**WHAT IS REQUIRED**
Could you restate the data below word for word, without its pictures?

[PROVIDED ENTRIES — start]

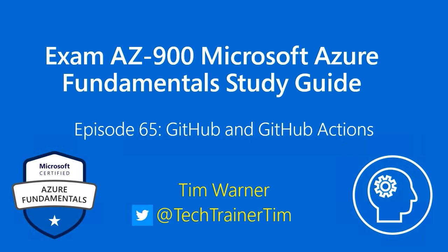Hi there. Welcome to my Exam AZ-900 Microsoft Azure Fundamental Study Guide. This is episode 65 entitled GitHub and GitHub Actions.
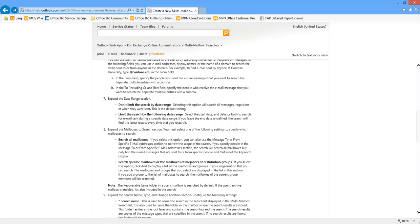Anyway, that was just a quick walkthrough looking at the archiving capabilities — personal archive, multi-mailbox search, and legal hold. Just wanted to walk you through that and give you a quick tutorial on the capabilities within Office 365. I hope that was helpful and thanks for watching.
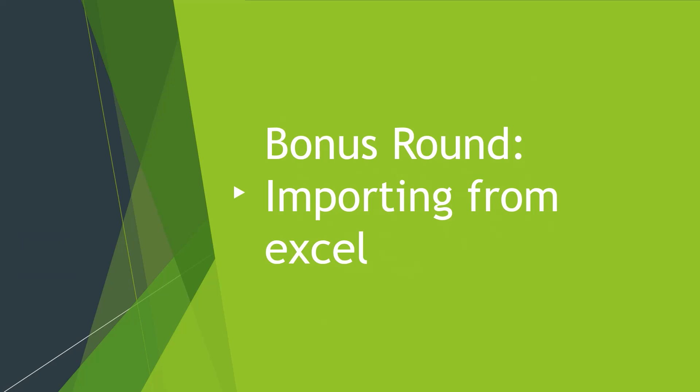So I thought I was done, but as promised, there is a bonus lesson and that is importing point data from Excel. So this is whenever you've got a list of coordinates from whatever source. This could be from a data search, it could be from a bat detector that's got all of your individual bat calls.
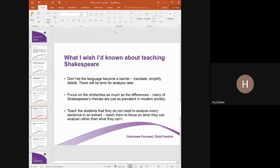What I wish I'd known about teaching Shakespeare: the first thing is try not to let the language become a barrier for students. It is very easy, and unfortunately a default position for some students, to look at the language and say there's too much they can't comprehend at first glance and therefore it's too difficult. I think it's our job as teachers to translate, simplify or remove elements of the text to allow students to really engage with it. There will always be time for analysis and depth later, but students need to get over that initial barrier. To allow students to do that, focus on the similarities as much as the differences within the text — many of Shakespeare's themes are just as prevalent in modern society.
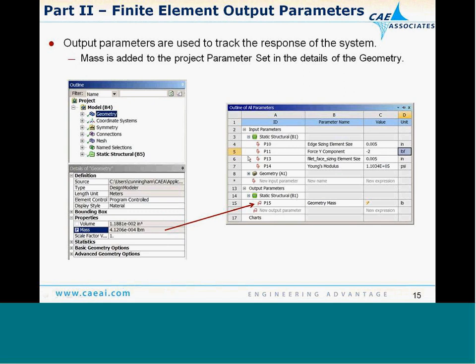For output parameters, the most common in an optimization study is mass. You'll find mass under the details of the geometry for the system — you can track the mass and volume of individual components or the whole assembly. Simply click on that button for mass or volume, and it will be added to your parameter set as an output parameter.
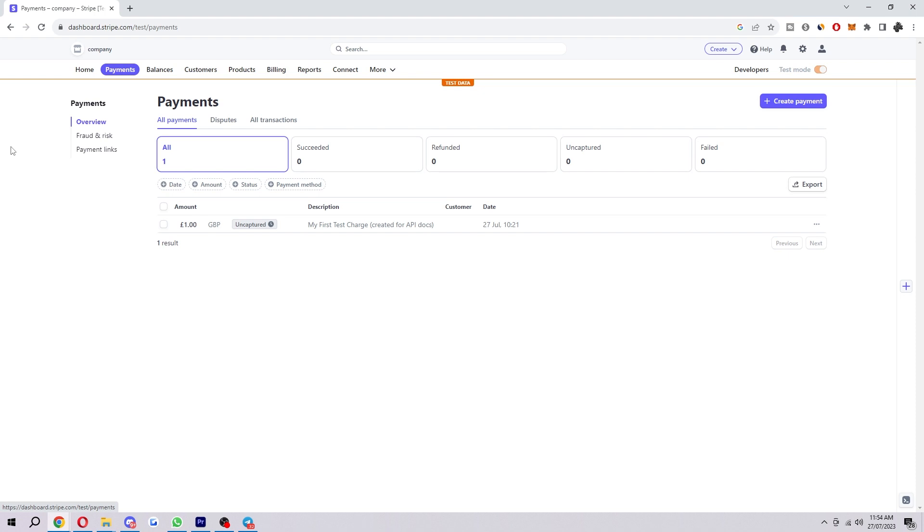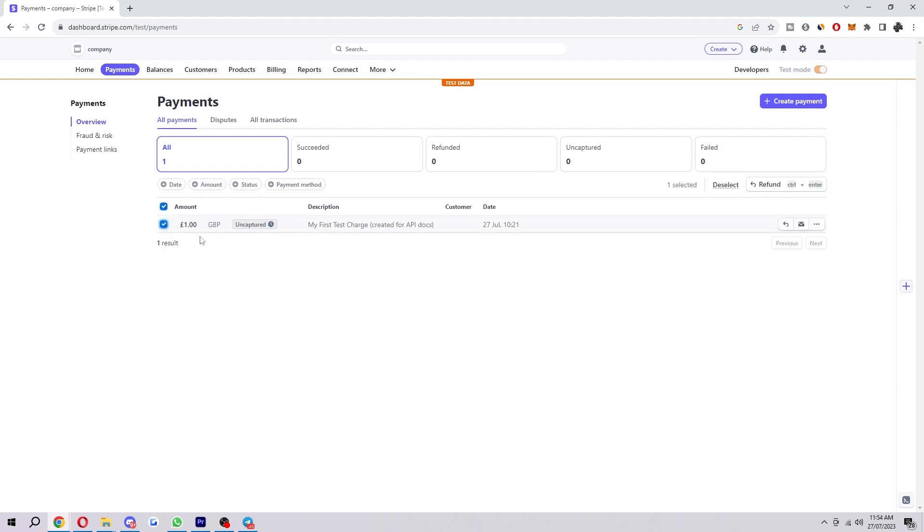Now because I'm on a test account you can just see one test order, but the way to do this if this was legit is to first find the customer that you want to refund. So if you're running an actual store you would have tons of orders here if you were actually getting orders, and so you first want to select the customer that you want to refund. So in my case I'm just going to choose this one because it's the only one I have, but in your case you want to make sure you're selecting the right one.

[PROVIDED ENTRIES — finish]

**OUTPUT OF THE EXERCISE**
Hi there. Welcome to my Exam AZ-900 Microsoft Azure Fundamental Study Guide. This is episode 65 entitled GitHub and GitHub Actions.
Anyway, that was just a quick walkthrough looking at the archiving capabilities — personal archive, multi-mailbox search, and legal hold. Just wanted to walk you through that and give you a quick tutorial on the capabilities within Office 365. I hope that was helpful and thanks for watching.
So I thought I was done, but as promised, there is a bonus lesson and that is importing point data from Excel. So this is whenever you've got a list of coordinates from whatever source. This could be from a data search, it could be from a bat detector that's got all of your individual bat calls.
What I wish I'd known about teaching Shakespeare: the first thing is try not to let the language become a barrier for students. It is very easy, and unfortunately a default position for some students, to look at the language and say there's too much they can't comprehend at first glance and therefore it's too difficult. I think it's our job as teachers to translate, simplify or remove elements of the text to allow students to really engage with it. There will always be time for analysis and depth later, but students need to get over that initial barrier. To allow students to do that, focus on the similarities as much as the differences within the text — many of Shakespeare's themes are just as prevalent in modern society.
For output parameters, the most common in an optimization study is mass. You'll find mass under the details of the geometry for the system — you can track the mass and volume of individual components or the whole assembly. Simply click on that button for mass or volume, and it will be added to your parameter set as an output parameter.
Now because I'm on a test account you can just see one test order, but the way to do this if this was legit is to first find the customer that you want to refund. So if you're running an actual store you would have tons of orders here if you were actually getting orders, and so you first want to select the customer that you want to refund. So in my case I'm just going to choose this one because it's the only one I have, but in your case you want to make sure you're selecting the right one.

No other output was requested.